═══ DATA FOR PROCESSING

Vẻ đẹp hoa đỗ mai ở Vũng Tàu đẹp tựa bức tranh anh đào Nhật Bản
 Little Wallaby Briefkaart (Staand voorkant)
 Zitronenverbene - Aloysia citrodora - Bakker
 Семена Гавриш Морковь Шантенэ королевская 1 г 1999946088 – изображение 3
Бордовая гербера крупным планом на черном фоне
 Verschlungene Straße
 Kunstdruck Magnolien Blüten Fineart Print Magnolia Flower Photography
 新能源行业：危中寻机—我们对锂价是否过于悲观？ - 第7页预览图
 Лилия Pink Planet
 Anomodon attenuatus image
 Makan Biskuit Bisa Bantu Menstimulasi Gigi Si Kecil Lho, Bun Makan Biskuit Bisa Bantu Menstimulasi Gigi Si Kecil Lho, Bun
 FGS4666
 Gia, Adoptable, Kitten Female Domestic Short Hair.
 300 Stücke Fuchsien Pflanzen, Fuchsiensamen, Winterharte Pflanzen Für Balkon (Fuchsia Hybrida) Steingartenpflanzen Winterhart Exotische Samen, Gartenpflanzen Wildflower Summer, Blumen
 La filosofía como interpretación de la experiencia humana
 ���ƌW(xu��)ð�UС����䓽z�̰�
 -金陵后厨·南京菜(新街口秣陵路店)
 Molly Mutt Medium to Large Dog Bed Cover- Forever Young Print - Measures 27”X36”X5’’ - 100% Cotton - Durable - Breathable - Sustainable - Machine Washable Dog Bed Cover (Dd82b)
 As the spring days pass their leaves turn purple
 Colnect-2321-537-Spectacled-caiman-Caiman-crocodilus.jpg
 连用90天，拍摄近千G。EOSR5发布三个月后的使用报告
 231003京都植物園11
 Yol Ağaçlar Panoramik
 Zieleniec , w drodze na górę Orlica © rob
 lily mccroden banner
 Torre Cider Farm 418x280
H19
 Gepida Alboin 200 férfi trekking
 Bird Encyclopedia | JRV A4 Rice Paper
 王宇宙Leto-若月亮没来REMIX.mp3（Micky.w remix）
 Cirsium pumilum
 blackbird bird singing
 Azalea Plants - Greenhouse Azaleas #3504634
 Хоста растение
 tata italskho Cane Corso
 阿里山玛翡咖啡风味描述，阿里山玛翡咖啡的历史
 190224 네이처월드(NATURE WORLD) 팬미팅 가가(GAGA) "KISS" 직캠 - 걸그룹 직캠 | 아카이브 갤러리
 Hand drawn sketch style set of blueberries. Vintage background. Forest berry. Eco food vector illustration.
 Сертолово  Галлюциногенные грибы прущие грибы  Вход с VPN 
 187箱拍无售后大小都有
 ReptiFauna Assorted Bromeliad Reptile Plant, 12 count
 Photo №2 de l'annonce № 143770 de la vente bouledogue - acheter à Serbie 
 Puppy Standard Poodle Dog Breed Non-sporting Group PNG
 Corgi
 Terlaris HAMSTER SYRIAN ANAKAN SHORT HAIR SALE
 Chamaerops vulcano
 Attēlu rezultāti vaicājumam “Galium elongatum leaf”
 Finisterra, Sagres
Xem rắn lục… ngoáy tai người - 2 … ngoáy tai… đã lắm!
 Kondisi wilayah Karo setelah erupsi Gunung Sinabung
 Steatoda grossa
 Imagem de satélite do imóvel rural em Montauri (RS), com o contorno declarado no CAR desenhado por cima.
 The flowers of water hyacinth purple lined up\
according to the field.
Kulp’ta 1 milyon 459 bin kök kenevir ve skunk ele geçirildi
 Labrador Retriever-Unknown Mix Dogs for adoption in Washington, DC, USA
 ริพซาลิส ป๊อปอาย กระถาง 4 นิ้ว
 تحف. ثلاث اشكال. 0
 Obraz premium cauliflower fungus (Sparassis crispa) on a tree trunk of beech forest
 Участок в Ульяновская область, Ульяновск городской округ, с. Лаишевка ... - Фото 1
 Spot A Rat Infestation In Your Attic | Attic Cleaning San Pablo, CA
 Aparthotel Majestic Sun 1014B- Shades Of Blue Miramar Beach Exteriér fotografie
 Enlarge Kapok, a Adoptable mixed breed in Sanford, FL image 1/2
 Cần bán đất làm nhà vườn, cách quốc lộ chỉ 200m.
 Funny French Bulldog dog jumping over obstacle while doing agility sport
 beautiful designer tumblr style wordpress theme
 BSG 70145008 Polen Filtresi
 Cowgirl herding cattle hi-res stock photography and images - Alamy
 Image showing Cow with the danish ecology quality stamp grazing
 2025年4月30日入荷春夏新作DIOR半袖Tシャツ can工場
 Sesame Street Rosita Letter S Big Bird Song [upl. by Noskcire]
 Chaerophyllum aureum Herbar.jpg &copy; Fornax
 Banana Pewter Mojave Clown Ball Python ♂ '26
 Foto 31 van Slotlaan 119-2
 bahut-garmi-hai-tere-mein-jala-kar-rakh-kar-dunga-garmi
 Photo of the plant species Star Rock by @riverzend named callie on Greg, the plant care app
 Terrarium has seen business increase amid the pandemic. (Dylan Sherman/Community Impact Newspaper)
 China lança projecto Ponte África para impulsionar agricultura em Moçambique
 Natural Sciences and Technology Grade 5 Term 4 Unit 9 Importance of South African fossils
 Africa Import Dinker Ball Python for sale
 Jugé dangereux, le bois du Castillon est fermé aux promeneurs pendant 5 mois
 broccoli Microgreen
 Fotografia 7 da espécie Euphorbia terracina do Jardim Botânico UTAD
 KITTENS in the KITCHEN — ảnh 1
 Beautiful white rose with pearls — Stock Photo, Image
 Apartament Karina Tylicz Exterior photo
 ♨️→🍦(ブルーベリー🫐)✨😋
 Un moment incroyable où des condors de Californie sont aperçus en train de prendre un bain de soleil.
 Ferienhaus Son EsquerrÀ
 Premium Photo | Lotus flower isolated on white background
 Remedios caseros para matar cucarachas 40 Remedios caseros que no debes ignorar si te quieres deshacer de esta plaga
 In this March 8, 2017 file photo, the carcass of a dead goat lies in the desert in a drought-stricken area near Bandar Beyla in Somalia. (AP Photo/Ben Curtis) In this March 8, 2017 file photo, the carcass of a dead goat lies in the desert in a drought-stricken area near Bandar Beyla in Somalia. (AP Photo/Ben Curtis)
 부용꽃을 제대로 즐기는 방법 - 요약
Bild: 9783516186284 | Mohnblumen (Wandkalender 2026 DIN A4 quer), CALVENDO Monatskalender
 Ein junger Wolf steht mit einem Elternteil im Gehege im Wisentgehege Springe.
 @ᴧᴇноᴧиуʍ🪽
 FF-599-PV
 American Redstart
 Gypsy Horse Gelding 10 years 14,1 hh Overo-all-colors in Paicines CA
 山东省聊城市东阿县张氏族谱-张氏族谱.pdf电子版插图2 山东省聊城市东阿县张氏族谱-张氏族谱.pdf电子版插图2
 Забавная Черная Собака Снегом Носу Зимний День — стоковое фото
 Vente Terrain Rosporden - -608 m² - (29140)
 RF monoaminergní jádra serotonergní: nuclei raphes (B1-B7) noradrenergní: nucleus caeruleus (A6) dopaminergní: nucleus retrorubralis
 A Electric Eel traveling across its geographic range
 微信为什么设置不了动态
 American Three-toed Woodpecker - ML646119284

══════

Set the records above down again. Match them exactly.

* _WRITTEN RESPONSE_
Vẻ đẹp hoa đỗ mai ở Vũng Tàu đẹp tựa bức tranh anh đào Nhật Bản
 Little Wallaby Briefkaart (Staand voorkant)
 Zitronenverbene - Aloysia citrodora - Bakker
 Семена Гавриш Морковь Шантенэ королевская 1 г 1999946088 – изображение 3
Бордовая гербера крупным планом на черном фоне
 Verschlungene Straße
 Kunstdruck Magnolien Blüten Fineart Print Magnolia Flower Photography
 新能源行业：危中寻机—我们对锂价是否过于悲观？ - 第7页预览图
 Лилия Pink Planet
 Anomodon attenuatus image
 Makan Biskuit Bisa Bantu Menstimulasi Gigi Si Kecil Lho, Bun Makan Biskuit Bisa Bantu Menstimulasi Gigi Si Kecil Lho, Bun
 FGS4666
 Gia, Adoptable, Kitten Female Domestic Short Hair.
 300 Stücke Fuchsien Pflanzen, Fuchsiensamen, Winterharte Pflanzen Für Balkon (Fuchsia Hybrida) Steingartenpflanzen Winterhart Exotische Samen, Gartenpflanzen Wildflower Summer, Blumen
 La filosofía como interpretación de la experiencia humana
 ���ƌW(xu��)ð�UС����䓽z�̰�
 -金陵后厨·南京菜(新街口秣陵路店)
 Molly Mutt Medium to Large Dog Bed Cover- Forever Young Print - Measures 27”X36”X5’’ - 100% Cotton - Durable - Breathable - Sustainable - Machine Washable Dog Bed Cover (Dd82b)
 As the spring days pass their leaves turn purple
 Colnect-2321-537-Spectacled-caiman-Caiman-crocodilus.jpg
 连用90天，拍摄近千G。EOSR5发布三个月后的使用报告
 231003京都植物園11
 Yol Ağaçlar Panoramik
 Zieleniec , w drodze na górę Orlica © rob
 lily mccroden banner
 Torre Cider Farm 418x280
H19
 Gepida Alboin 200 férfi trekking
 Bird Encyclopedia | JRV A4 Rice Paper
 王宇宙Leto-若月亮没来REMIX.mp3（Micky.w remix）
 Cirsium pumilum
 blackbird bird singing
 Azalea Plants - Greenhouse Azaleas #3504634
 Хоста растение
 tata italskho Cane Corso
 阿里山玛翡咖啡风味描述，阿里山玛翡咖啡的历史
 190224 네이처월드(NATURE WORLD) 팬미팅 가가(GAGA) "KISS" 직캠 - 걸그룹 직캠 | 아카이브 갤러리
 Hand drawn sketch style set of blueberries. Vintage background. Forest berry. Eco food vector illustration.
 Сертолово  Галлюциногенные грибы прущие грибы  Вход с VPN 
 187箱拍无售后大小都有
 ReptiFauna Assorted Bromeliad Reptile Plant, 12 count
 Photo №2 de l'annonce № 143770 de la vente bouledogue - acheter à Serbie 
 Puppy Standard Poodle Dog Breed Non-sporting Group PNG
 Corgi
 Terlaris HAMSTER SYRIAN ANAKAN SHORT HAIR SALE
 Chamaerops vulcano
 Attēlu rezultāti vaicājumam “Galium elongatum leaf”
 Finisterra, Sagres
Xem rắn lục… ngoáy tai người - 2 … ngoáy tai… đã lắm!
 Kondisi wilayah Karo setelah erupsi Gunung Sinabung
 Steatoda grossa
 Imagem de satélite do imóvel rural em Montauri (RS), com o contorno declarado no CAR desenhado por cima.
 The flowers of water hyacinth purple lined up\
according to the field.
Kulp’ta 1 milyon 459 bin kök kenevir ve skunk ele geçirildi
 Labrador Retriever-Unknown Mix Dogs for adoption in Washington, DC, USA
 ริพซาลิส ป๊อปอาย กระถาง 4 นิ้ว
 تحف. ثلاث اشكال. 0
 Obraz premium cauliflower fungus (Sparassis crispa) on a tree trunk of beech forest
 Участок в Ульяновская область, Ульяновск городской округ, с. Лаишевка ... - Фото 1
 Spot A Rat Infestation In Your Attic | Attic Cleaning San Pablo, CA
 Aparthotel Majestic Sun 1014B- Shades Of Blue Miramar Beach Exteriér fotografie
 Enlarge Kapok, a Adoptable mixed breed in Sanford, FL image 1/2
 Cần bán đất làm nhà vườn, cách quốc lộ chỉ 200m.
 Funny French Bulldog dog jumping over obstacle while doing agility sport
 beautiful designer tumblr style wordpress theme
 BSG 70145008 Polen Filtresi
 Cowgirl herding cattle hi-res stock photography and images - Alamy
 Image showing Cow with the danish ecology quality stamp grazing
 2025年4月30日入荷春夏新作DIOR半袖Tシャツ can工場
 Sesame Street Rosita Letter S Big Bird Song [upl. by Noskcire]
 Chaerophyllum aureum Herbar.jpg &copy; Fornax
 Banana Pewter Mojave Clown Ball Python ♂ '26
 Foto 31 van Slotlaan 119-2
 bahut-garmi-hai-tere-mein-jala-kar-rakh-kar-dunga-garmi
 Photo of the plant species Star Rock by @riverzend named callie on Greg, the plant care app
 Terrarium has seen business increase amid the pandemic. (Dylan Sherman/Community Impact Newspaper)
 China lança projecto Ponte África para impulsionar agricultura em Moçambique
 Natural Sciences and Technology Grade 5 Term 4 Unit 9 Importance of South African fossils
 Africa Import Dinker Ball Python for sale
 Jugé dangereux, le bois du Castillon est fermé aux promeneurs pendant 5 mois
 broccoli Microgreen
 Fotografia 7 da espécie Euphorbia terracina do Jardim Botânico UTAD
 KITTENS in the KITCHEN — ảnh 1
 Beautiful white rose with pearls — Stock Photo, Image
 Apartament Karina Tylicz Exterior photo
 ♨️→🍦(ブルーベリー🫐)✨😋
 Un moment incroyable où des condors de Californie sont aperçus en train de prendre un bain de soleil.
 Ferienhaus Son EsquerrÀ
 Premium Photo | Lotus flower isolated on white background
 Remedios caseros para matar cucarachas 40 Remedios caseros que no debes ignorar si te quieres deshacer de esta plaga
 In this March 8, 2017 file photo, the carcass of a dead goat lies in the desert in a drought-stricken area near Bandar Beyla in Somalia. (AP Photo/Ben Curtis) In this March 8, 2017 file photo, the carcass of a dead goat lies in the desert in a drought-stricken area near Bandar Beyla in Somalia. (AP Photo/Ben Curtis)
 부용꽃을 제대로 즐기는 방법 - 요약
Bild: 9783516186284 | Mohnblumen (Wandkalender 2026 DIN A4 quer), CALVENDO Monatskalender
 Ein junger Wolf steht mit einem Elternteil im Gehege im Wisentgehege Springe.
 @ᴧᴇноᴧиуʍ🪽
 FF-599-PV
 American Redstart
 Gypsy Horse Gelding 10 years 14,1 hh Overo-all-colors in Paicines CA
 山东省聊城市东阿县张氏族谱-张氏族谱.pdf电子版插图2 山东省聊城市东阿县张氏族谱-张氏族谱.pdf电子版插图2
 Забавная Черная Собака Снегом Носу Зимний День — стоковое фото
 Vente Terrain Rosporden - -608 m² - (29140)
 RF monoaminergní jádra serotonergní: nuclei raphes (B1-B7) noradrenergní: nucleus caeruleus (A6) dopaminergní: nucleus retrorubralis
 A Electric Eel traveling across its geographic range
 微信为什么设置不了动态
 American Three-toed Woodpecker - ML646119284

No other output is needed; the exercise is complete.